I give you a new commandment, that you love one another. Just as I have loved you, you also should love one another. By this everyone will know that you are my disciples, if you have love for one another.”

John 13:34-35 (NRSV)

One thing I love about the faith journey is how a perception and understanding of Jesus can change over the years, even though He stays the same. He simply reveals Himself by layers. 

The Jesus I met when I was a child was the powerful Jesus. Through Sunday school and church, I learned about the powerful Son of God, who walked on water, calmed storms, and raised the dead. 

Then, just before adolescence, I met the benevolent Jesus, and learned that I could have a relationship with Him. At first, I couldn’t imagine why the powerful Jesus would trouble Himself over someone like me, but I grew to learn that His power and benevolence are inextricably linked.

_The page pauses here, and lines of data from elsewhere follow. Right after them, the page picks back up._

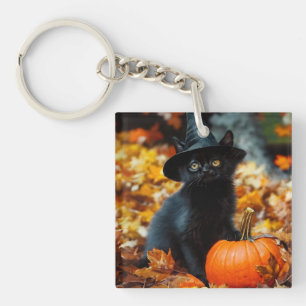 Halloween Black Cat and Pumpkin Keychain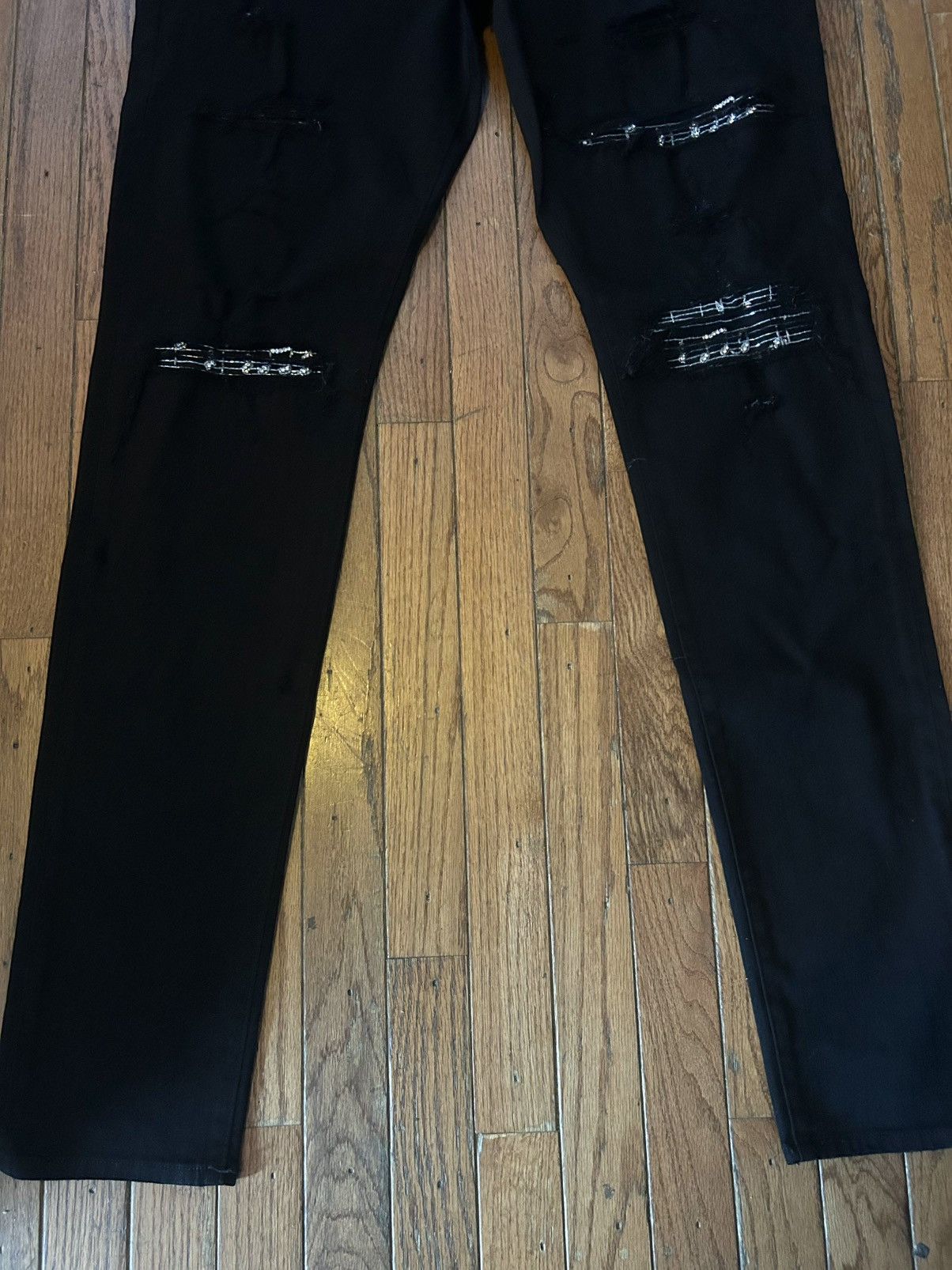 Amiri Amiri Black Silver Crystal Music Note Skinny Jeans - Size 38 Size US 38 / EU 54 - 4 Thumbnail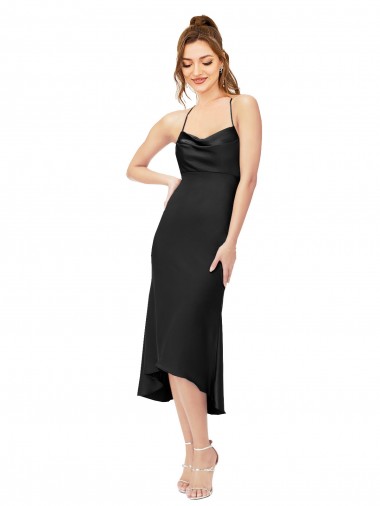 Achetez Noir Fourreau midi Satiné Soyeux Courte Asymétrique Robes demoiselle d'honneur / Robes de soirée / Robes de cocktail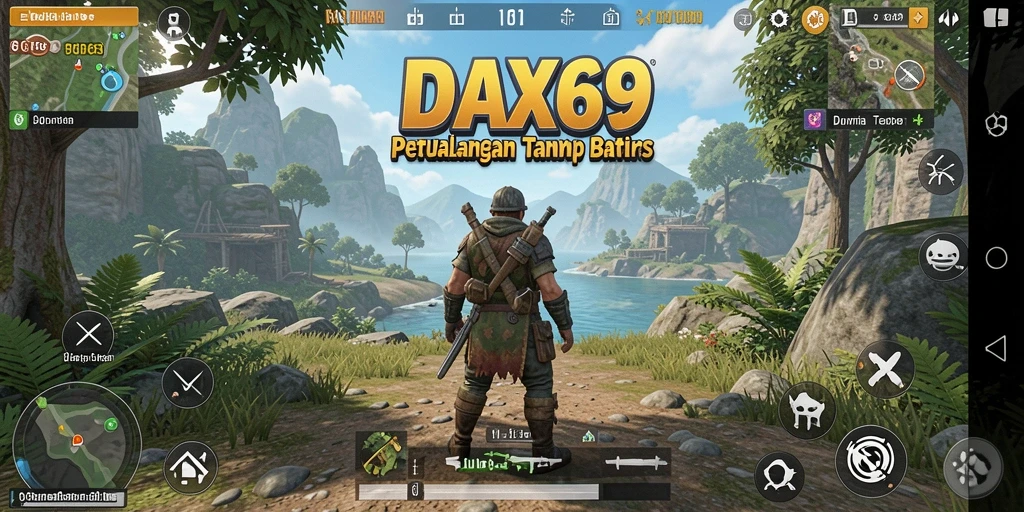 Screenshot DAX69 menampilkan aksi gameplay di dunia terbuka yang luas.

His love is for everyone, I learned, including me.

But it wasn’t until I was a young adult, that I began to meet human Jesus. That's also when I met Barrington Bunny. 

Barrington is the title character in a short story by Martin Bell from his collection of Gospel retellings, The Way of the Wolf. Barrington is a lone rabbit hopping through the forest one cold Christmas Eve. He searches for companionship among the other animals, but finds that he doesn’t belong. He can’t climb to visit with the squirrels or swim to be with the beavers. Lonely and despondent, he can only hop back to his home. 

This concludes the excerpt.